* DIRECTIONS FOR THIS TASK:
Only the lines below from the one containing "House in Pattaya, Thailand" to the one containing "Used 2017 Ford" should be repeated, both included and unchanged.

(Scraped caption text data)
++++++++++++++++++++

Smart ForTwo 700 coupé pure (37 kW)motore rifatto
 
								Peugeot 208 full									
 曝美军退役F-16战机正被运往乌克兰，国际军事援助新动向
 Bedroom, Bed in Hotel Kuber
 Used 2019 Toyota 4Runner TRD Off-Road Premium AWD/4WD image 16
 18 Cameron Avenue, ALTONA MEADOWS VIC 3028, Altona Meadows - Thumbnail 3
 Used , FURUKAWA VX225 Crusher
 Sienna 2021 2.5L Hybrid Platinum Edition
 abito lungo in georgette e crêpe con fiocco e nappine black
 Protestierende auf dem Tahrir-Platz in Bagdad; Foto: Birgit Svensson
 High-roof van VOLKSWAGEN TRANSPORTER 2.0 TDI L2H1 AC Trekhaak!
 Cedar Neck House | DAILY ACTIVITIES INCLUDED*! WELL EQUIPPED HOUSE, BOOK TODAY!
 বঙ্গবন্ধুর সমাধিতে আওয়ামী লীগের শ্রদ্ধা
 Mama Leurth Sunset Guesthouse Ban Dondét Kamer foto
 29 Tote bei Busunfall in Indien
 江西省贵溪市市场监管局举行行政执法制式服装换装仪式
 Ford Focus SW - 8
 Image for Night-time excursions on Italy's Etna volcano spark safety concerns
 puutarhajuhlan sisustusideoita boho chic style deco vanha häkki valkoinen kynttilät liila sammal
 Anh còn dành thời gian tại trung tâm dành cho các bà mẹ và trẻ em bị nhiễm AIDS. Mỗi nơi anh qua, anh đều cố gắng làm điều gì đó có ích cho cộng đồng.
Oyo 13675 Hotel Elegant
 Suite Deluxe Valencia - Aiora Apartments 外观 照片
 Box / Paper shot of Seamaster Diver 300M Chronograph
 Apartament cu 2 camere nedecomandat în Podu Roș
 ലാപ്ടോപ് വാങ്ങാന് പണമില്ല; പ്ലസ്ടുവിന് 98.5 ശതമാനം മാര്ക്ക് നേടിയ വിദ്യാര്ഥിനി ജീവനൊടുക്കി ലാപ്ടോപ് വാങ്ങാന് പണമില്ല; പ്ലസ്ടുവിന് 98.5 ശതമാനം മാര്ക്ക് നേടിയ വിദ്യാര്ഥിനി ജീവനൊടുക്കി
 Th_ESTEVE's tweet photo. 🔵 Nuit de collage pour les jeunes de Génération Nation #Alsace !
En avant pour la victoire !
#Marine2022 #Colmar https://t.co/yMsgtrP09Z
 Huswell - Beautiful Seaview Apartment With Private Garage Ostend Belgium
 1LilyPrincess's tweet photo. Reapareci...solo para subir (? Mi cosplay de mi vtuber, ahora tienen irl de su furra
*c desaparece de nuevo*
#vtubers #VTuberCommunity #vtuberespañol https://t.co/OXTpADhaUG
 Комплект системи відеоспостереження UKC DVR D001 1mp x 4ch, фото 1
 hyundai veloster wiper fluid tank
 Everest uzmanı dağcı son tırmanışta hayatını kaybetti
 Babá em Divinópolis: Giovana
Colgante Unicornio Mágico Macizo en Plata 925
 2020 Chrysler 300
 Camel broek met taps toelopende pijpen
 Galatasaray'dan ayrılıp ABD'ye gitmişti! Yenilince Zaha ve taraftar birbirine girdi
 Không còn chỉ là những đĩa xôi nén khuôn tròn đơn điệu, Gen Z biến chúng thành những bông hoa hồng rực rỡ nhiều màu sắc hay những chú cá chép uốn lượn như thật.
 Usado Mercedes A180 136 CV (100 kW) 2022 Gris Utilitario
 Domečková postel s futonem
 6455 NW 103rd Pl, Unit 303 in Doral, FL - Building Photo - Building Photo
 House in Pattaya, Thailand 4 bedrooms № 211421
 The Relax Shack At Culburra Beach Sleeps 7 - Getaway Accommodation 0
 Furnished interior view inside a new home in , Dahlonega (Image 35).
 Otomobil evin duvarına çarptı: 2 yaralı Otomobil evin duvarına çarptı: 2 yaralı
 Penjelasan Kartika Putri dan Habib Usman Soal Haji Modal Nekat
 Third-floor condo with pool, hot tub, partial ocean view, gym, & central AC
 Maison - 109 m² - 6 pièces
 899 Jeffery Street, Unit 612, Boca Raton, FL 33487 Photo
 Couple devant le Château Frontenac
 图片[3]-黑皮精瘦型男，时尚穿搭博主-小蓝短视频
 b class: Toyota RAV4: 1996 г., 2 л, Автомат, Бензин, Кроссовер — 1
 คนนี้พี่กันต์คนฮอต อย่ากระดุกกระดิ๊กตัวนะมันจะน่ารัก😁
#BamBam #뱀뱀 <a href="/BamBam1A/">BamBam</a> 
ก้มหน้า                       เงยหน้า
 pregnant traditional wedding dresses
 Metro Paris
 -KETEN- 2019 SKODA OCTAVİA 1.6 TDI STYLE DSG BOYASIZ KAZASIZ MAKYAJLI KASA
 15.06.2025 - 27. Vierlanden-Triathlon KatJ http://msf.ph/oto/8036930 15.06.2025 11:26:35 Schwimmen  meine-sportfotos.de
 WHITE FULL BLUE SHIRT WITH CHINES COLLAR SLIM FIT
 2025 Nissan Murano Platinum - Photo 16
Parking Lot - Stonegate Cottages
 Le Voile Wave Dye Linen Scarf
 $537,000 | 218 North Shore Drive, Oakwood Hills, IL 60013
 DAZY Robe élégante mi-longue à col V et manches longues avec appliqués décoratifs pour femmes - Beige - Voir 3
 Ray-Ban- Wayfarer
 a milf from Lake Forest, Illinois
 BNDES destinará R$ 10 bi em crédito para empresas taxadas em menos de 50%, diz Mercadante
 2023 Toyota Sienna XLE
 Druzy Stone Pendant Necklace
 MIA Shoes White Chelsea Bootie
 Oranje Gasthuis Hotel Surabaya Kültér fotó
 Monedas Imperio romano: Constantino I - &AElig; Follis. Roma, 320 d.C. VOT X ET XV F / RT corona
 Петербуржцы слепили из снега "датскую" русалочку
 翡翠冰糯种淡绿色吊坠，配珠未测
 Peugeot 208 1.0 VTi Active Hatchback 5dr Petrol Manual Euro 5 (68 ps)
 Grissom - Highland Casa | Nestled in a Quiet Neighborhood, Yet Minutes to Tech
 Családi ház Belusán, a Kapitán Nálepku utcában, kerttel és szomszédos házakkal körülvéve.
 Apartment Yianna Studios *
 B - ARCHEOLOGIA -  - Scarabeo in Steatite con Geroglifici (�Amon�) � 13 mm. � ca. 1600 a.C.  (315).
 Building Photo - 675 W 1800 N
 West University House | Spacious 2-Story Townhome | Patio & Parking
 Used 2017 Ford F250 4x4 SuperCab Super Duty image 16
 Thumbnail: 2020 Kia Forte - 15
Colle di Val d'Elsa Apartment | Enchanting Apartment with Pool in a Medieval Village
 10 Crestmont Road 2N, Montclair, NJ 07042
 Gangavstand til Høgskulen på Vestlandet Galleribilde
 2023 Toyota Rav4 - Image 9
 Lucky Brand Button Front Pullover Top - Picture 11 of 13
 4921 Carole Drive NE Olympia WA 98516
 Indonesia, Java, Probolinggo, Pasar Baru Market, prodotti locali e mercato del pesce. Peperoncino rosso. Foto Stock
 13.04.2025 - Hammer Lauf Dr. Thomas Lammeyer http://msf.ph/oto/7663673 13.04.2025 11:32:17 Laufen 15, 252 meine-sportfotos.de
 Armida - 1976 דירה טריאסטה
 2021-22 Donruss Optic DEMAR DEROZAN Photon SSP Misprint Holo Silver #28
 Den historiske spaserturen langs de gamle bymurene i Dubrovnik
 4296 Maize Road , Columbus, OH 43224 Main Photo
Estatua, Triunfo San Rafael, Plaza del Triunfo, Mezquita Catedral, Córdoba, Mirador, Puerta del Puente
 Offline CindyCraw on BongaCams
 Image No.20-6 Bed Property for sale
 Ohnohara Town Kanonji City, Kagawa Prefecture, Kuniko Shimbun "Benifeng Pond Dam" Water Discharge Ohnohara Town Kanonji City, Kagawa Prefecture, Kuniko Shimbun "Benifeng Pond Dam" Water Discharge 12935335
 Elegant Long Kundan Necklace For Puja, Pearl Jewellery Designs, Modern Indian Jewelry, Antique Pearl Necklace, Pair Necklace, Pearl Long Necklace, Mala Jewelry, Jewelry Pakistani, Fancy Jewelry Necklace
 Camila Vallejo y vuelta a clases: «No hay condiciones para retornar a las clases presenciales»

++++++++++++++++++++

* WRITTEN RESPONSE:
 House in Pattaya, Thailand 4 bedrooms № 211421
 The Relax Shack At Culburra Beach Sleeps 7 - Getaway Accommodation 0
 Furnished interior view inside a new home in , Dahlonega (Image 35).
 Otomobil evin duvarına çarptı: 2 yaralı Otomobil evin duvarına çarptı: 2 yaralı
 Penjelasan Kartika Putri dan Habib Usman Soal Haji Modal Nekat
 Third-floor condo with pool, hot tub, partial ocean view, gym, & central AC
 Maison - 109 m² - 6 pièces
 899 Jeffery Street, Unit 612, Boca Raton, FL 33487 Photo
 Couple devant le Château Frontenac
 图片[3]-黑皮精瘦型男，时尚穿搭博主-小蓝短视频
 b class: Toyota RAV4: 1996 г., 2 л, Автомат, Бензин, Кроссовер — 1
 คนนี้พี่กันต์คนฮอต อย่ากระดุกกระดิ๊กตัวนะมันจะน่ารัก😁
#BamBam #뱀뱀 <a href="/BamBam1A/">BamBam</a> 
ก้มหน้า                       เงยหน้า
 pregnant traditional wedding dresses
 Metro Paris
 -KETEN- 2019 SKODA OCTAVİA 1.6 TDI STYLE DSG BOYASIZ KAZASIZ MAKYAJLI KASA
 15.06.2025 - 27. Vierlanden-Triathlon KatJ http://msf.ph/oto/8036930 15.06.2025 11:26:35 Schwimmen  meine-sportfotos.de
 WHITE FULL BLUE SHIRT WITH CHINES COLLAR SLIM FIT
 2025 Nissan Murano Platinum - Photo 16
Parking Lot - Stonegate Cottages
 Le Voile Wave Dye Linen Scarf
 $537,000 | 218 North Shore Drive, Oakwood Hills, IL 60013
 DAZY Robe élégante mi-longue à col V et manches longues avec appliqués décoratifs pour femmes - Beige - Voir 3
 Ray-Ban- Wayfarer
 a milf from Lake Forest, Illinois
 BNDES destinará R$ 10 bi em crédito para empresas taxadas em menos de 50%, diz Mercadante
 2023 Toyota Sienna XLE
 Druzy Stone Pendant Necklace
 MIA Shoes White Chelsea Bootie
 Oranje Gasthuis Hotel Surabaya Kültér fotó
 Monedas Imperio romano: Constantino I - &AElig; Follis. Roma, 320 d.C. VOT X ET XV F / RT corona
 Петербуржцы слепили из снега "датскую" русалочку
 翡翠冰糯种淡绿色吊坠，配珠未测
 Peugeot 208 1.0 VTi Active Hatchback 5dr Petrol Manual Euro 5 (68 ps)
 Grissom - Highland Casa | Nestled in a Quiet Neighborhood, Yet Minutes to Tech
 Családi ház Belusán, a Kapitán Nálepku utcában, kerttel és szomszédos házakkal körülvéve.
 Apartment Yianna Studios *
 B - ARCHEOLOGIA -  - Scarabeo in Steatite con Geroglifici (�Amon�) � 13 mm. � ca. 1600 a.C.  (315).
 Building Photo - 675 W 1800 N
 West University House | Spacious 2-Story Townhome | Patio & Parking
 Used 2017 Ford F250 4x4 SuperCab Super Duty image 16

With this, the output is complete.